Cherie Lash-Rhodes, Disenrollment, and Political Violence
On February 20, 2014, Cherie Lash-Rhodes shot and killed four people, and attempted to kill two more by stabbing them with a kitchen knife when her gun jammed. The incident happened at a hearing held at the Cedarville Rancheria tribal government office, located some distance from the actual 32 acre Rancheria in Modoc County, near the California-Oregon border. The entire episode was captured on security cameras. The hearing—the first and only ever held by the tribe’s ad hoc tribal court—was called to evict Ms. Rhodes and her son from tribal housing. It was also reported in the news media that they were denied annual payments in the thousands, which came from a special dispensation fund financed by virtue of tribal gaming compacts in California.
The term used at Ms. Rhodes’ murder trial was banishment. However, to me banishment denotes a temporary condition, even if someone is banished for a lengthy period of time. Ms. Rhodes and her son were by definition disenrolled, as they lost all privileges of tribal citizenship, including personal and real property rights, political rights, association, as well as due process, permanently. For all intents and purposes they were terminated and dismembered from the tribe and the tribal community. This followed on the heels of a recall effort mounted against Ms. Rhodes and her son, who had served as tribal chair and vice chair, respectively, amid embezzlement allegations put forth by her brother, Rurik Davis. Davis would be her first victim, and was killed instantly by a bullet between the eyes.
I was called by the defense team to testify on December 15, 2016, about how disenrollment or banishment might motivate someone to commit such violence. A change of venue had been granted to move the trial to Roseville, in Placer County, just outside of Sacramento. The entire tribe, consisting of some 30 people, came down for the trial. The incident was still clearly fresh in the minds of the surviving victims and the tribal community.
The day I testified was one of high drama and emotion. Cherie Rhodes took the stand in her own defense. This was a very risky strategy for the defense attorneys to use, but they felt like they didn’t have anything to lose.
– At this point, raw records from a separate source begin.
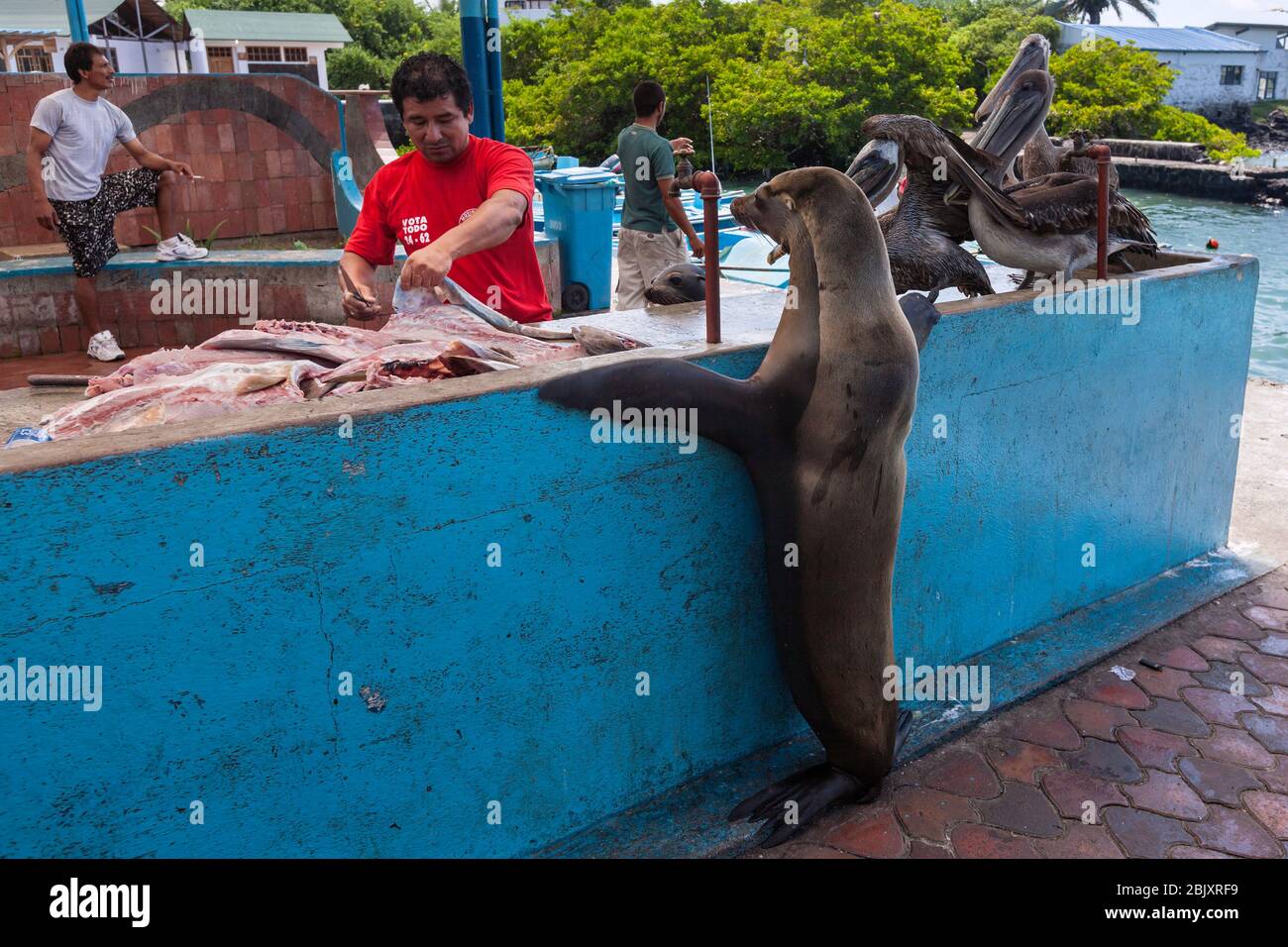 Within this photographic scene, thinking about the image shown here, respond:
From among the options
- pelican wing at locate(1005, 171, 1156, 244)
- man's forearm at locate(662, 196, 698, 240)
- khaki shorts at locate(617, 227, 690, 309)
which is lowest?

Her testimony was purportedly the first time she had shown any remorse. As Ms. Rhodes testified, I sat outside. I was not allowed inside the court prior to my own testimony, and I had been asked not to speak with anyone from the tribal community or the jury. Though I couldn’t hear anything, I could feel the raw emotion coming from the courtroom as I sat by myself. Waves of sadness and grief passed through me. When the prosecution showed the video of the incident, people from the tribal community began to come out of the courtroom. They were reliving the incident and were once again stricken with pain at the loss of their loved ones. One woman was inconsolable.
When it was my turn to be cross-examined, the Modoc County District Attorney asked me how I was feeling that day. I truthfully responded that I was sad. The incident was clearly a tragedy for all concerned. The prosecutor then wanted to know why the defendant took the law into her own hands, instead of perhaps filing suit in federal court.
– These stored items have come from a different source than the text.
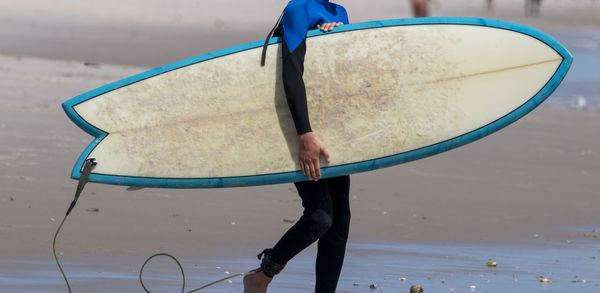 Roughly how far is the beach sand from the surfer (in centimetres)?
54

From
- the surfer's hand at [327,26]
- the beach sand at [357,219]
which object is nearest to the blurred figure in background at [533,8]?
the beach sand at [357,219]

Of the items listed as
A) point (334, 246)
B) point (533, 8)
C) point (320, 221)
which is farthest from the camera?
point (533, 8)

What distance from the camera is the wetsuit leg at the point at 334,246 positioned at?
3.74 meters

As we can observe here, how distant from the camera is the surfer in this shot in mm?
3584

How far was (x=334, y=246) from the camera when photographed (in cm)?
375

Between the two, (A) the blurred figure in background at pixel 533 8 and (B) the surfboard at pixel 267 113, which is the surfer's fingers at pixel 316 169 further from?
(A) the blurred figure in background at pixel 533 8

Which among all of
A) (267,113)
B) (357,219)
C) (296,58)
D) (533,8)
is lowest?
(267,113)

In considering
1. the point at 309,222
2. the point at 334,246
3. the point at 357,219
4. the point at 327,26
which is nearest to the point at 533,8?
the point at 357,219

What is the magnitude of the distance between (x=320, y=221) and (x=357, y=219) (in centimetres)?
225

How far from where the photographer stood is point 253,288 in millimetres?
3766

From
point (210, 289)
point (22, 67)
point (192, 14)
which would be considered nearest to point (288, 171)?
point (210, 289)

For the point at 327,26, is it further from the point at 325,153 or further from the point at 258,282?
the point at 258,282

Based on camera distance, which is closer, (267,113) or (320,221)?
(320,221)

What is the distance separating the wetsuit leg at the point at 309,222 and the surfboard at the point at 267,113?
0.17m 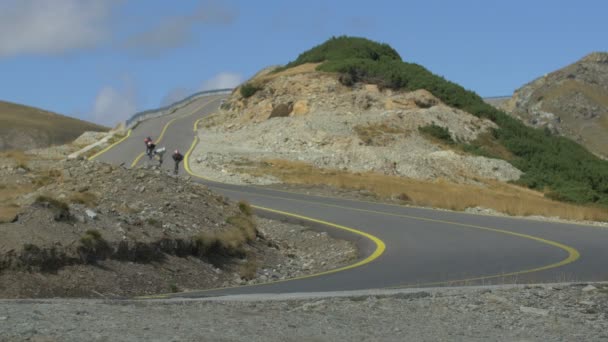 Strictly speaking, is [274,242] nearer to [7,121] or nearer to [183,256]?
[183,256]

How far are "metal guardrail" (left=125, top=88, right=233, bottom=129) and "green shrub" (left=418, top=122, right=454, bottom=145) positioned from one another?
2169 centimetres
My response was that there is no recourse in federal court for those who have had their civil rights violated by their tribal governments. I explained how the congressional intent of the 1968 Indian Civil Rights Act had been watered down by the 1978 Santa Clara Pueblo v. Martinez ruling and its interpretation of tribal sovereign immunity, and blasted the BIA’s inaction, both of which have effectively cut off any potential avenue of redress for the estimated 12,000 people who have been disenrolled from their tribes. When once again questioned by the lead defense attorney, I remarked that the only real recourse for tribal members is for there to be language in tribal constitutions that either prohibits disenrollment, waives tribal sovereign immunity, or grants the BIA special adjudicatory powers in such cases. I have actually authored such language for the Chalon tribe’s constitution in my capacity as tribal staff. I testified that I am willing to share such language with any tribe that wants it.
In the end, Cherie Lash-Rhodes was convicted of first degree murder and sentenced to death by the jury. In California that means life in prison and a lifetime of legal appeals, recent voter-approved reforms notwithstanding.
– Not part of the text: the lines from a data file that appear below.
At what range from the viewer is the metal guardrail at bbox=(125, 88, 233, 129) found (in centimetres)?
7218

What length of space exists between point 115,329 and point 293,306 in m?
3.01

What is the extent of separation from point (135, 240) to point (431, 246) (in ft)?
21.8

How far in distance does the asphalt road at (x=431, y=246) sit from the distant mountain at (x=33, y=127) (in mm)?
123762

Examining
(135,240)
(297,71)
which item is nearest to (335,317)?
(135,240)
Why did I testify, one might ask? First, I wanted there to be a public record in the state court system of the civil rights abuses perpetrated by tribal governments against their own people, and the possible effects of these practices, which can include political violence and assassinations of the kind perpetrated by Ms. Rhodes. It’s a wonder this hasn’t happened more often. Second, everyone deserves an adequate defense when accused of a crime. I hope I was able to help in that regard. Third, I wish for the Cedarville Rancheria tribal community to be able to heal. Adjudicating the matter, even though there are automatic appeals in death penalty cases, will help to put it to rest and help bring closure to the victims. And finally, I wish to see an end to the practice of disenrollment in Indian Country.
Kenneth N. Hansen, Ph.D., is a Professor of Political Science and American Indian Studies at California State University, Fresno. He is co-editor of the book The New Politics of Indian Gaming (2011, University of Nevada Press). Dr. Hansen serves the Chalon Indian Nation of California as their Tribal Legal Consultant.